PORT KENT - Hundreds gathered at Harmony Golf Club recently for a fundraising event aimed at tackling a devastating disease that's affected dozens of local families.
The ALS Research Golf Tournament was held Aug. 28, drawing a capacity 40, four-person teams and even more spectators.
The event raised more than $30,000 to support research of Amyotrophic lateral sclerosis, also called Lou Gehrig's Disease.
"We've had an overwhelming response from the community," said event co-organizer Darlene Long. "They just want to fight back."
ALS is a degenerative disease that attacks nerve cells, causing weakness and paralysis of voluntary muscles. In the vast majority of cases, it is terminal with an average lifespan of two to five years following diagnosis.
Options for effective treatment are very limited, but with additional research, friends and family of local ALS patients are hoping to change that.
"There have been a lot of people that have been impacted by the disease," said Long, whose husband, Roger, was diagnosed last year and is one of five area residents currently battling ALS.
In the North Country alone, 25 people have had their lives claimed by the disease in the past 30 years. A memorial plaque engraved with each of their names was presented at the tournament.
Many in attendance were their family and friends, who have had to deal with the effects of ALS in their own way.
"I was shocked at how many people were there," said Port Kent resident Anne Porter, whose mother, June Jones, died from ALS in 1981. "There was just so much support; it was amazing."
Sue LaMoy of Peru said attending the tournament brought a little more closure for the death of her husband, Robert, who died from ALS in 2006.

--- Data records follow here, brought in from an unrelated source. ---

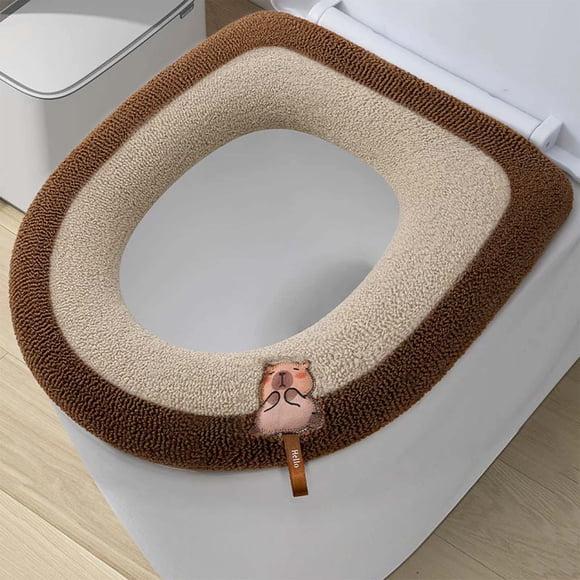 ZZkhGO Siège de Toilette Domestique, Housse de Toilette Tricotée Épaissie, Ensembles Lavables Doux et Chauds pour Salle de Bain Hiver
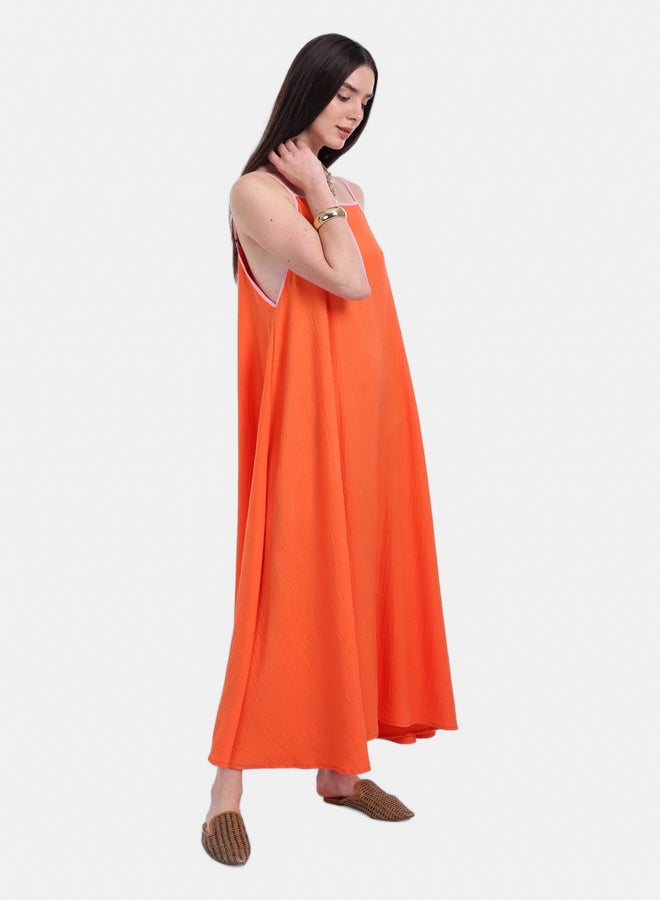 Carina Orange Relaxed Fit Lounge Dress  - Image 3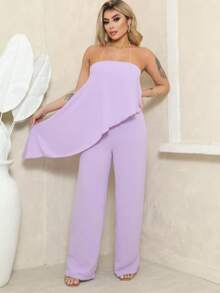 Long Asymmetrical Strapless Pantaloon Jumpsuit Spring Summer - Lilac Purple - View 5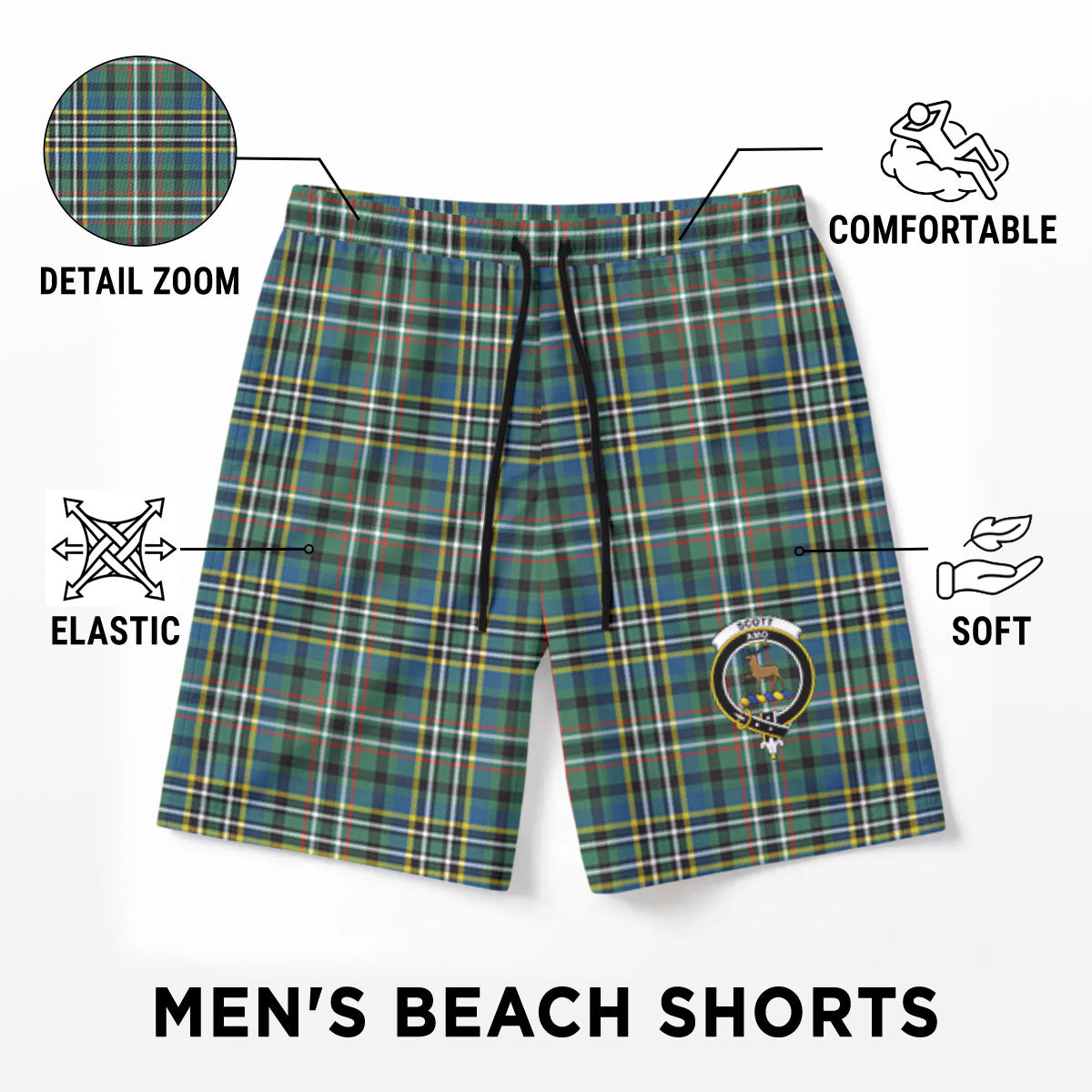 Scott Green Ancient Tartan Crest Men's Beach Shorts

"I did the ALS walk in Vermont in 2007," said LaMoy, "and this was so much more meaningful."
In addition to the golf tournament, the event included live and silent auctions featuring items donated by a wide variety of local businesses.
"We're just so pleased with the way things turned out," said Long, "and it's just because of everyone's efforts and the whole community."
Many who participated in the event are looking forward to making it an annual tradition. Kathy Nixon is the mother of John Nixon, who died in 2007 after battling ALS.
"I hope we can continue to do this every year," said Nixon, "just continue to research and find a cure."